----- AVAILABLE DATA -----
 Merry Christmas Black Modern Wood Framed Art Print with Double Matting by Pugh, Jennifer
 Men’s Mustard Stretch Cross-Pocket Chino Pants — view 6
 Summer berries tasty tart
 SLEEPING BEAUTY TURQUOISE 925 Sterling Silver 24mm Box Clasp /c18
-----
----- AVAILABLE DATA -----
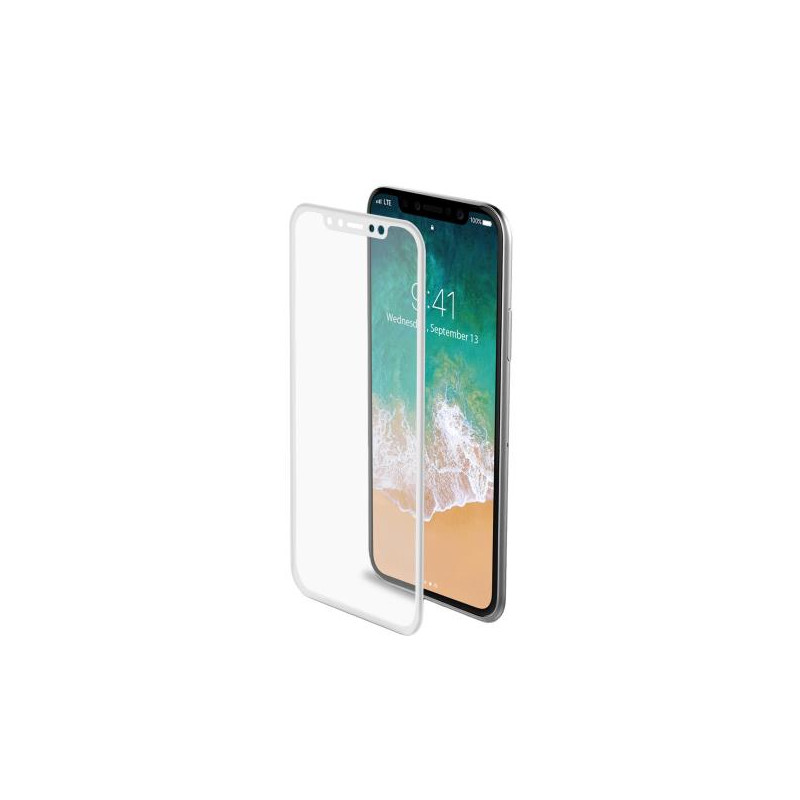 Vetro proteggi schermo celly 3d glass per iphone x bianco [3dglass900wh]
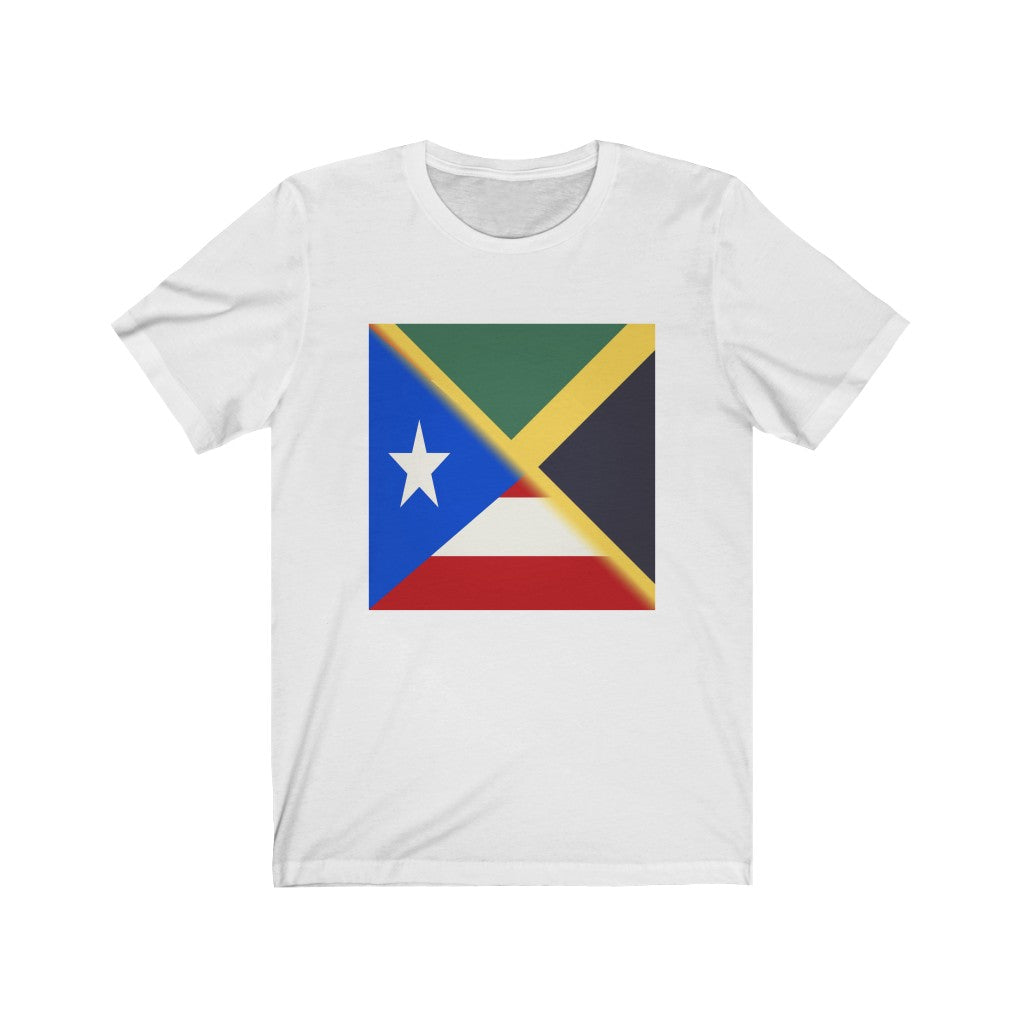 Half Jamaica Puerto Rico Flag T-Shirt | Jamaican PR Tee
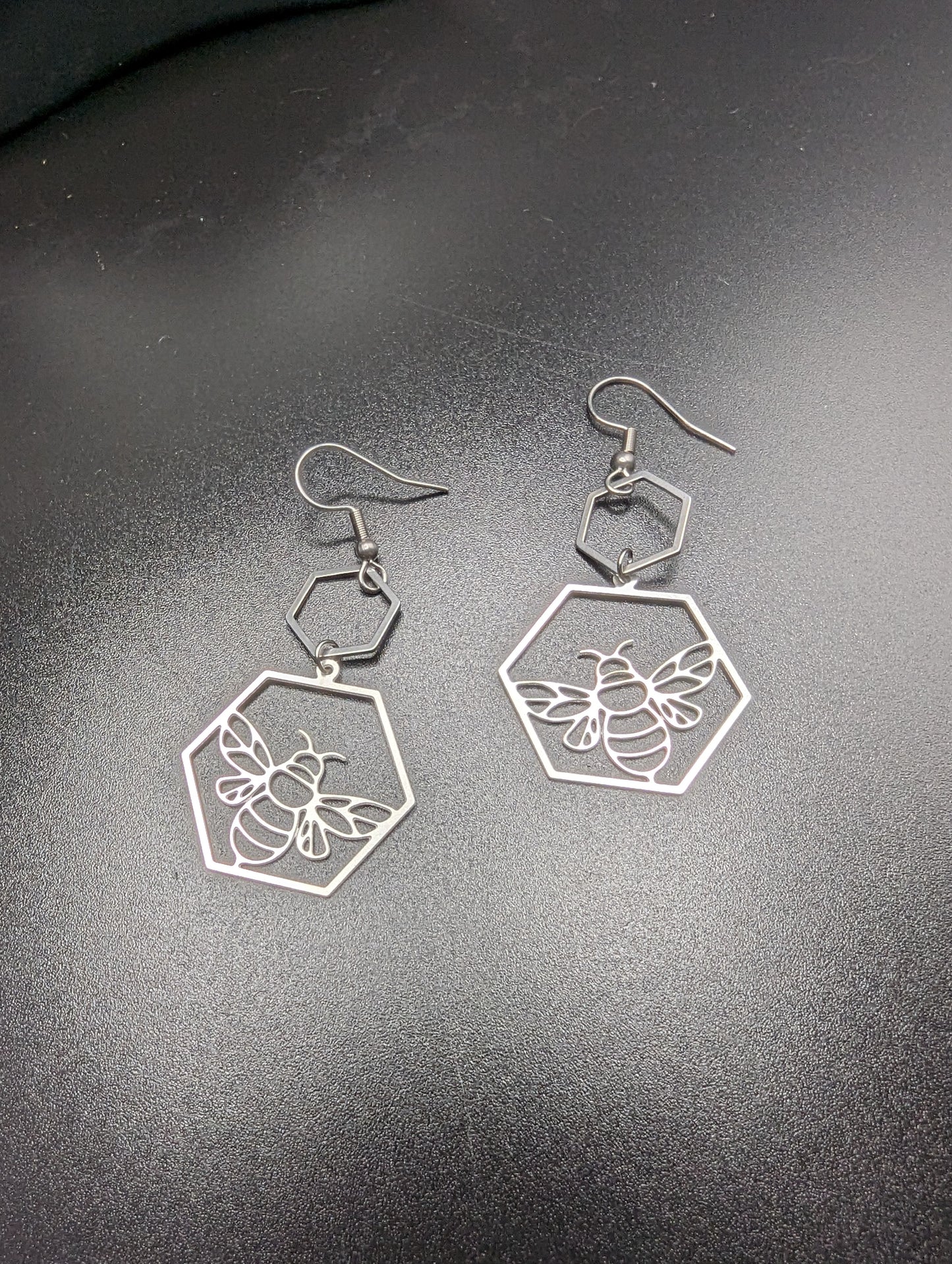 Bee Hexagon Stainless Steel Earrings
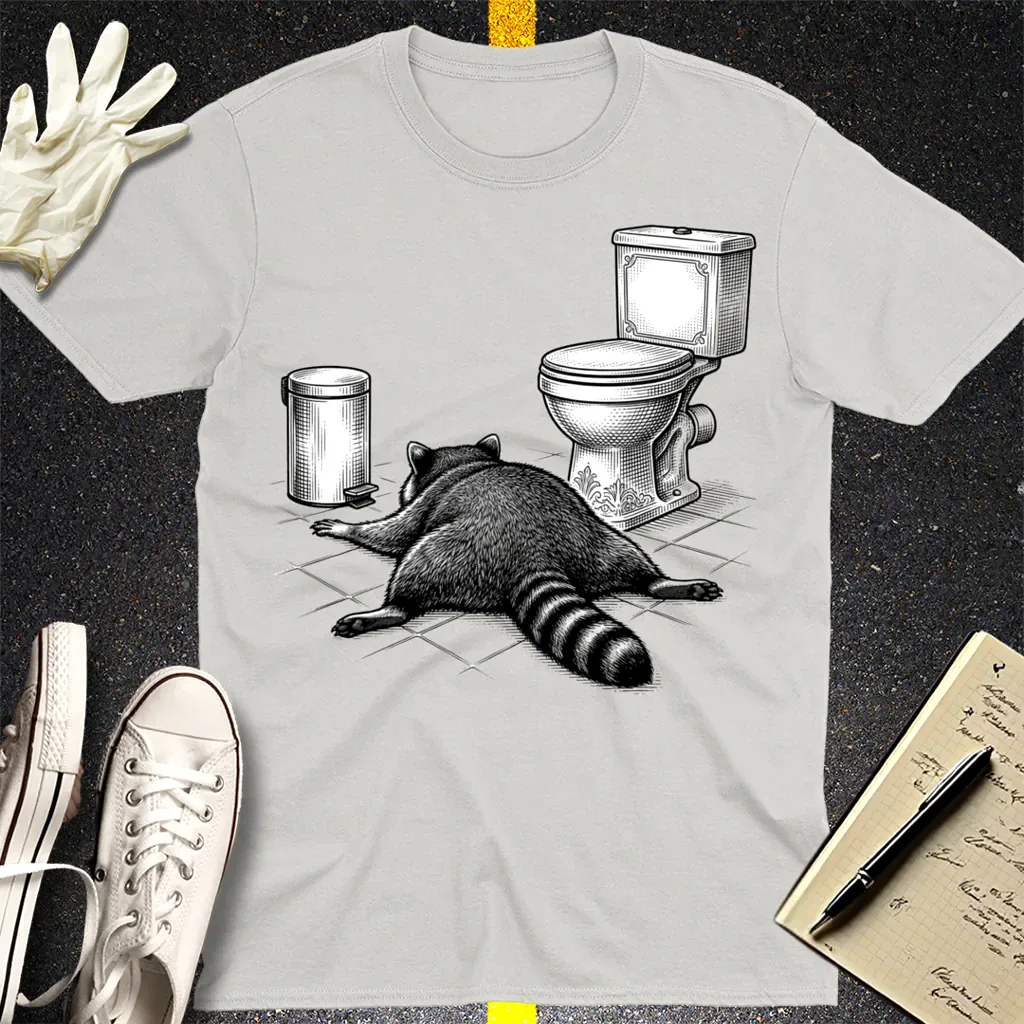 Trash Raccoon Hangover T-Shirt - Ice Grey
-----
AIM OF THE TASK → The response should hold exactly the lines starting at the line with "Merry Christmas Black" and ending at the line with "SLEEPING BEAUTY TURQUOISE", and no other line of the material above.

SOLUTION →
 Merry Christmas Black Modern Wood Framed Art Print with Double Matting by Pugh, Jennifer
 Men’s Mustard Stretch Cross-Pocket Chino Pants — view 6
 Summer berries tasty tart
 SLEEPING BEAUTY TURQUOISE 925 Sterling Silver 24mm Box Clasp /c18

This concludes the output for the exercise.